Parler de « droit au blasphème » est, d’ailleurs, en soi une absurdité logique. Pour un non-croyant le blasphème, par définition, n’existe pas. Il y est donc indifférent. Il n’existe donc que pour le croyant. Alors pourquoi donc le non croyant proférerait-il un blasphème puisqu’il est indifférent à cette notion. Dans quel but ? Quelle est son utilité ?

Il ne peut donc n’y avoir qu’un dessein, celui de la provocation. Charlie Hebdo ne s’en est d’ailleurs pas caché, persuadé, lui, qu’il y a des provocations bénéfiques, salutaires. Mais se plaindre ensuite de réaction à cette provocation n’a pas de sens puisque c’est le but précisément recherché. Un professeur va-t-il devoir montrer à ses élèves musulmans les caricatures de Charlie Hebdo pour les guérir du fanatisme dont ils sont suspects génétiquement, et pour leur apprendre la tolérance ? Ou bien va-t-il alors leur demander, par respect pour eux, de sortir de classe comme s’il savait déjà que c’était une provocation, une agression ? Respect pour eux mais pas pour l’école qui n’est dés lors plus laïque puisqu’elle fait des différences.
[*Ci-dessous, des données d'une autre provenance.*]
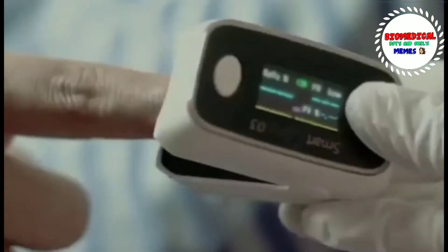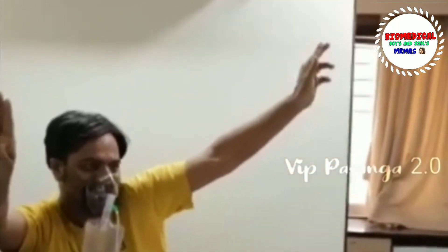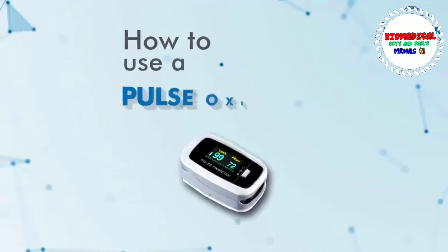What is it — like a tongue twister? It's a simple handheld device. We can measure the oxygen level. In this situation, this instrument is very useful. Let's talk about this.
Ou alors va-t-il-leur demander de baisser les yeux en silence et de taire l’humiliation qu’ils pourraient ressentir. Ce serait là une autre défaite mais cette fois–ci, celle de l’homme ou de la femme fiers et dignes qu’ils devront être et que doit leur apprendre à être l’école.

Et faudra-t-il qu’à chaque caricature corresponde un incident ou même, absurdement, un attentat, et qu’à chacun de ceux-ci corresponde une nouvelle caricature, et ainsi sans arrêt. On pourrait parler ici d’infantilisme si ce n’était aussi tragique.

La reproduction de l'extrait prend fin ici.